看下die():void die(const char *str, struct pt_regs *regs, int err)

{

int ret;

unsigned long flags;

raw_spin_lock_irqsave(&die_lock, flags);

oops_enter();

console_verbose();

bust_spinlocks(1);

ret = __die(str, err, regs); //tj

if (regs && kexec_should_crash(current))

crash_kexec(regs);

bust_spinlocks(0);

add_taint(TAINT_DIE, LOCKDEP_NOW_UNRELIABLE);

oops_exit();

if (in_interrupt())

panic("Fatal exception in interrupt"); //tj

if (panic_on_oops)

panic("Fatal exception"); //tj

raw_spin_unlock_irqrestore(&die_lock, flags);

if (ret != NOTIFY_STOP)

do_exit(SIGSEGV);

}

再看下__die():static int __die(const char *str, int err, struct pt_regs *regs)

{

static int die_counter;

int ret;

pr_emerg("Internal error: %s: %x [#%d]" S_PREEMPT S_SMP "\n",

str, err, ++die_counter);

/* trap and error numbers are mostly meaningless on ARM */

ret = notify_die(DIE_OOPS, str, regs, err, 0, SIGSEGV);

if (ret == NOTIFY_STOP)

return ret;

print_modules();

show_regs(regs);

dump_kernel_instr(KERN_EMERG, regs);

return ret;

}

打印类似如下log:35.449887: <6> Internal error: Oops - BUG: 0 [#1] PREEMPT SMP

35.449893: <6> Modules linked in:

35.449901: <6> Process init (pid: 1, stack limit = 0x00000000826895f7)

后面会call panic()，不过是有条件的:if (in_interrupt())

panic("Fatal exception in interrupt");

if (panic_on_oops)

panic("Fatal exception");

如果这个Oops在中断里，会走panic()。如果不在但if (panic_on_oops)成立，也走panic()。

可见，Oops不一定会导致panic。bug_handle()对BUG_TRAP_TYPE_BUG还不默认panic?

btw: arm64的Oops是怎么触发的了？稍后看。

Kernel panic

kernel panic就是不可恢复的错误了，怎么处理？我想复位or我就想定这。/**

* panic - halt the system

* @fmt: The text string to print

*

* Display a message, then perform cleanups.

*

* This function never returns.

*/

void panic(const char *fmt, ...)

{

...

pr_emerg("Kernel panic - not syncing: %s\n", buf);

...

if (panic_timeout > 0) { //tj: 延迟重启

/*

* Delay timeout seconds before rebooting the machine.

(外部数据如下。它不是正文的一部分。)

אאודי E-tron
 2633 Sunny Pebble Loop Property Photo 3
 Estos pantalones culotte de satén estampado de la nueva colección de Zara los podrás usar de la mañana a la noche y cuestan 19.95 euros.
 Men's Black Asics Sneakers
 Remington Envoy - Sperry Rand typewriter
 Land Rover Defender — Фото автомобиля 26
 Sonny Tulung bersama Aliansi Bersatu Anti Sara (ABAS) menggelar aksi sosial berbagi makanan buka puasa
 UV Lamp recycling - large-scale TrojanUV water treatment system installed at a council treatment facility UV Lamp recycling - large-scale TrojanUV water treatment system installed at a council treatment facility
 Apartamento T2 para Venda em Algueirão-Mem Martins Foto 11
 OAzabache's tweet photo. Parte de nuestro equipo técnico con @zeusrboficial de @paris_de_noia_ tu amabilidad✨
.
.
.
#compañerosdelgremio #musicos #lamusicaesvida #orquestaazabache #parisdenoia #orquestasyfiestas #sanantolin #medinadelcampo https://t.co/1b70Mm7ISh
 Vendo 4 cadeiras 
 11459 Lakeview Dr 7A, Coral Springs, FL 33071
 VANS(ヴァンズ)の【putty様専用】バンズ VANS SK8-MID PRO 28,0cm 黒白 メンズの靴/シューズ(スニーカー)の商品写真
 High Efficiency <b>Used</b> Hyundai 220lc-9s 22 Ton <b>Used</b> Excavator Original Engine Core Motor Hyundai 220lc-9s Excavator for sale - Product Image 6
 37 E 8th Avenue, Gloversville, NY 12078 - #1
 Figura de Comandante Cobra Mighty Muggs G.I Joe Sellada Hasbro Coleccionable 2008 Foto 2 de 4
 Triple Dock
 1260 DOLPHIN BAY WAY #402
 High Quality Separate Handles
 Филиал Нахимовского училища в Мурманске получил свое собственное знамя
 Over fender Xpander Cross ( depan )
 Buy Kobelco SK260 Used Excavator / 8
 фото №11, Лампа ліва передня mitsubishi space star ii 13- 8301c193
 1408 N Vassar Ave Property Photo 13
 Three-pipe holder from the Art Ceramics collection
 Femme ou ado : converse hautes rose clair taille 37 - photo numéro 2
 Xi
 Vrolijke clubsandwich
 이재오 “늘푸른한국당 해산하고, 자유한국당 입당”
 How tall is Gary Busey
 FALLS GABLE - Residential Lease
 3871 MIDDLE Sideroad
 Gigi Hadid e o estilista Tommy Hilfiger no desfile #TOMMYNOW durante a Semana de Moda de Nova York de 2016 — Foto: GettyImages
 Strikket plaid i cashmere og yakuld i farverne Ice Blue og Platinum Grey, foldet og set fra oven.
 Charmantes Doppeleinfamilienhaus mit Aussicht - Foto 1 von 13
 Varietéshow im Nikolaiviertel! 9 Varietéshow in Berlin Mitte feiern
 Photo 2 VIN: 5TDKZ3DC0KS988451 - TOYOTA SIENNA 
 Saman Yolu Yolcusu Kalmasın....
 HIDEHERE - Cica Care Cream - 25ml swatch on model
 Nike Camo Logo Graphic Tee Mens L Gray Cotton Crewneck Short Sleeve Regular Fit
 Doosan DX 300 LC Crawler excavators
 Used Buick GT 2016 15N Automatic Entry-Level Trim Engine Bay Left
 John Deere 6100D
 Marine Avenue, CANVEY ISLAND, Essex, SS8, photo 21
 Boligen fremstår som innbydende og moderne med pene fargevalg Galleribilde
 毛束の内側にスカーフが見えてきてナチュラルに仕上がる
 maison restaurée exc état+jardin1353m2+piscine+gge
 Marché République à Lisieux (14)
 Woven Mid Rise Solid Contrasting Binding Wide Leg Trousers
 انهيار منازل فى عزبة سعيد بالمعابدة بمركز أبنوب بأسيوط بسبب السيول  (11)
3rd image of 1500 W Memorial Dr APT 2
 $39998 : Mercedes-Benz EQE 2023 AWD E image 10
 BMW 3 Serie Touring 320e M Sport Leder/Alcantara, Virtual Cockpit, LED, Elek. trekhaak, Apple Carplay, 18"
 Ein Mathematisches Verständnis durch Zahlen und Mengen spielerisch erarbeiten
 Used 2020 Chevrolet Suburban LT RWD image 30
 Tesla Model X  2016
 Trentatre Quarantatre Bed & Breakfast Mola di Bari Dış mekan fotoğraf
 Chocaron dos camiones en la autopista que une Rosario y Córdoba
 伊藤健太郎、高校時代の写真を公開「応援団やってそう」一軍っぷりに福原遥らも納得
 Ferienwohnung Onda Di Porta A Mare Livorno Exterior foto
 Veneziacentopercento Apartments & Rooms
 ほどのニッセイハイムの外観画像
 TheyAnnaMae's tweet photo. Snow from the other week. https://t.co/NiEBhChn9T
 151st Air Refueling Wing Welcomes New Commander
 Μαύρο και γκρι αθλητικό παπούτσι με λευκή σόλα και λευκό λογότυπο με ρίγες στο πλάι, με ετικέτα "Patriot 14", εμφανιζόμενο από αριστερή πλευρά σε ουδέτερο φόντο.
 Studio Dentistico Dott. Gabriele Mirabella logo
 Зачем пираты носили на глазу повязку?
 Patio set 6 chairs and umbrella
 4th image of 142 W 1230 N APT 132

* We can't use the "normal" timers since we just panicked.

*/

pr_emerg("Rebooting in %d seconds..\n", panic_timeout); //tj

for (i = 0; i < panic_timeout * 1000; i += PANIC_TIMER_STEP) {

touch_nmi_watchdog();

if (i >= i_next) {

i += panic_blink(state ^= 1);

i_next = i + 3600 / PANIC_BLINK_SPD;

}

mdelay(PANIC_TIMER_STEP);

}

}

if (panic_timeout != 0) { //tj: 立即reboot

/*

* This will not be a clean reboot, with everything

* shutting down. But if there is a chance of

* rebooting the system it will be rebooted.

*/

if (panic_reboot_mode != REBOOT_UNDEFINED)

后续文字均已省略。